Making headphone measureing atainable!

Ive been looking into the necesities of home making a headphone measurement rig. Its a bit complicated once your talking ear size, shape, clamp, materials and so on.

It occurs to me that headphones.com stands as the leading educator on this topic, and is even actively adjusting the typical orientation or view of how we read these graphs. I feel like headphones.com should grassroots a measurement kit on their site, and offer compensations for the big boy rigs they use. Would just be nice to be able to do this from home, and if a proper compensation scheme could be worked up to match the other stuff, suddenly we can all make and coorborate measurements. Im sure it will start a bit messy, but the more people who measure and share, the more likely standardized fitment and measurement practices can be addressed. Just a thought as i feel this would be HUGE to the community. Measurementa are useful, but only to a point without being able to reference ones own gear.

2 Likes

One thing I haven’t seen anyone in the audiophile community attempt is making silicone molds of their own ears and then using them on rigs

That would be very cool, but a lot of work since every headphone would need its own compensation. Still, Resolve is already measuring headphones on multiple rigs. What’s one more?

Unfortunately the challenge is just that measurement rigs are expensive.
There are some clone options available of things like GRAS rigs, but given the fact that the IP infringement is a factor it’s not something that we would be able to actively recommend and certainly not something we could sell.

Additionally it’s worth noting that many of the clone options do not exactly match the real rigs so that’s another issue even if you do get one.

It would be awesome if measurement rigs were much more affordable, and part of me hopes that with the potential demand amongst the audio community there may be an opportunity for B&K or GRAS to release something at a much more attainable price. But until then we are a little stuck with how things are.
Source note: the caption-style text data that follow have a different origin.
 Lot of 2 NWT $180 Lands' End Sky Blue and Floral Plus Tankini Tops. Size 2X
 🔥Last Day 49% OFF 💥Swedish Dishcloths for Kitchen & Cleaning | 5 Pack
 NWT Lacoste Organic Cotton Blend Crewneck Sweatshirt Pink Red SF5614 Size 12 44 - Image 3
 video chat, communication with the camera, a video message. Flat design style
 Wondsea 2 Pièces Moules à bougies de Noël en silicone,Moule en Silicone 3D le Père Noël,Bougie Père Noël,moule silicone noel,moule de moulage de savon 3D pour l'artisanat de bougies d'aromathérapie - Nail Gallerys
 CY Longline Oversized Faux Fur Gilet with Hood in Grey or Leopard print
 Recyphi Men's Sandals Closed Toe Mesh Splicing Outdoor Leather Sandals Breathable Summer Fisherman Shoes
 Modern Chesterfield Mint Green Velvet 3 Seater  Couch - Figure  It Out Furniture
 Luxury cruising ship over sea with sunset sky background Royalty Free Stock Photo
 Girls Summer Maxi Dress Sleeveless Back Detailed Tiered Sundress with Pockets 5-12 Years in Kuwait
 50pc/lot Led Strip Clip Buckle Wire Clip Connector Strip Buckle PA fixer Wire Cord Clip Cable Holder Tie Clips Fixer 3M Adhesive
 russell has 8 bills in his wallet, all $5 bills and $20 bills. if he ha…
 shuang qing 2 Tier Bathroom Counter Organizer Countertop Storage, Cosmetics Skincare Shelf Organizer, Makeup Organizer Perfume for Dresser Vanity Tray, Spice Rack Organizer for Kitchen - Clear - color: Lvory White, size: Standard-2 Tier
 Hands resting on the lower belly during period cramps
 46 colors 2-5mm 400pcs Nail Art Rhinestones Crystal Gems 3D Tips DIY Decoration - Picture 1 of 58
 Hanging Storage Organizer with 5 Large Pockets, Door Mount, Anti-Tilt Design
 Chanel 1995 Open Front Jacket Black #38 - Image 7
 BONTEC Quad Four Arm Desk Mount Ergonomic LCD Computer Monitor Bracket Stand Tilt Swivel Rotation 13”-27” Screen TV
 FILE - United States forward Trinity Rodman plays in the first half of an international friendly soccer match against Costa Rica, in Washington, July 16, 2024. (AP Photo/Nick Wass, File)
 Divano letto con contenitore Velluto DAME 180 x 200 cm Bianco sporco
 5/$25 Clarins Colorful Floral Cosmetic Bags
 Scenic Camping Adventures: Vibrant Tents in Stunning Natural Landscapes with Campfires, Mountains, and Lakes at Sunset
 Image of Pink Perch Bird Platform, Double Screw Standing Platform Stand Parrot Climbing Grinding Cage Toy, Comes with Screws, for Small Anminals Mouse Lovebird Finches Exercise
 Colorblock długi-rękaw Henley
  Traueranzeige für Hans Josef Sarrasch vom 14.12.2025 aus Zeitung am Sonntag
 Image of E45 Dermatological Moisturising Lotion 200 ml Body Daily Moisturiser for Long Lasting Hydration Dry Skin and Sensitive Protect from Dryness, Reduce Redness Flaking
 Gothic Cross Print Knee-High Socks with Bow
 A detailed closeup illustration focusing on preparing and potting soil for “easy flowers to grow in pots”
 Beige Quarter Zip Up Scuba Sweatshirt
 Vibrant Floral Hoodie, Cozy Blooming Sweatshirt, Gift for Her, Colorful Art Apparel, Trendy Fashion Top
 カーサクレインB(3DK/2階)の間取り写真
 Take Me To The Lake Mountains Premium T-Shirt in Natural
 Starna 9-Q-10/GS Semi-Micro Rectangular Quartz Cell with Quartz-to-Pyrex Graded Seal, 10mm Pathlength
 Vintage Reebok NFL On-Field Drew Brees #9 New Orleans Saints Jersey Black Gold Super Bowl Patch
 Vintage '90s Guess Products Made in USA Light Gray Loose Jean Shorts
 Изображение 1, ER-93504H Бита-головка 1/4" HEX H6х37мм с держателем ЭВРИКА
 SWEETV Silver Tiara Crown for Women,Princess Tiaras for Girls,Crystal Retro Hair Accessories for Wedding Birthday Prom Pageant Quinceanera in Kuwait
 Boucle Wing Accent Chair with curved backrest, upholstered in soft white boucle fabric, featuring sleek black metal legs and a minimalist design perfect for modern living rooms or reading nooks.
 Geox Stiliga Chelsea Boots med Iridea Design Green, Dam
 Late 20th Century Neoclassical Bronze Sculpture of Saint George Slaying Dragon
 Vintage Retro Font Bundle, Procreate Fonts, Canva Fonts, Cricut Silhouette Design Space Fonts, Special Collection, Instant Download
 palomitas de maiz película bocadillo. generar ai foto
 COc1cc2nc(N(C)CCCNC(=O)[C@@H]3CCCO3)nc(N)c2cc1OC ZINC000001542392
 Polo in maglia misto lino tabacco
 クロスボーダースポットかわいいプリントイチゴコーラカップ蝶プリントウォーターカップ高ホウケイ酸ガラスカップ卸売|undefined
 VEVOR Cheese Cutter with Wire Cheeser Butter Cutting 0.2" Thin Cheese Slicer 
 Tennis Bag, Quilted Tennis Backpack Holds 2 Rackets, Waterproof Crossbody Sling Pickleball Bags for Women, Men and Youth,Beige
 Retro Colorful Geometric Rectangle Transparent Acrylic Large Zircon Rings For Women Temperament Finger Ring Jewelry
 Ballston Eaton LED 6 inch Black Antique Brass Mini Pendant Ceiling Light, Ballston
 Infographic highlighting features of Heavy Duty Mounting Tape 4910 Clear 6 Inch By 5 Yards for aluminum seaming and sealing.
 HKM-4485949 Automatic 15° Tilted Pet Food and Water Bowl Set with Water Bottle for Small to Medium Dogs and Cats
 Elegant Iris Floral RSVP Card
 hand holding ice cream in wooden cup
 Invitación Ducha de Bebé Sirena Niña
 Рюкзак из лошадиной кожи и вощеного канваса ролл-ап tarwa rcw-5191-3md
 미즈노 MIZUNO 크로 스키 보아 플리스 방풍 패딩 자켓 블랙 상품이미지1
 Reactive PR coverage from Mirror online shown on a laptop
(One of the main reasons they’re so expensive is because there’s a lot of money that goes into developing them, but then not a huge customer base. So whilst the cost to build a 5128 etc isn’t all that much, they have to amortize very high development costs over a small number of sales. If they were to sell them cheaper there is now a market of audio enthusiasts for these products that didn’t exist even a few years ago, but it’d be a huge risk for either company to take.)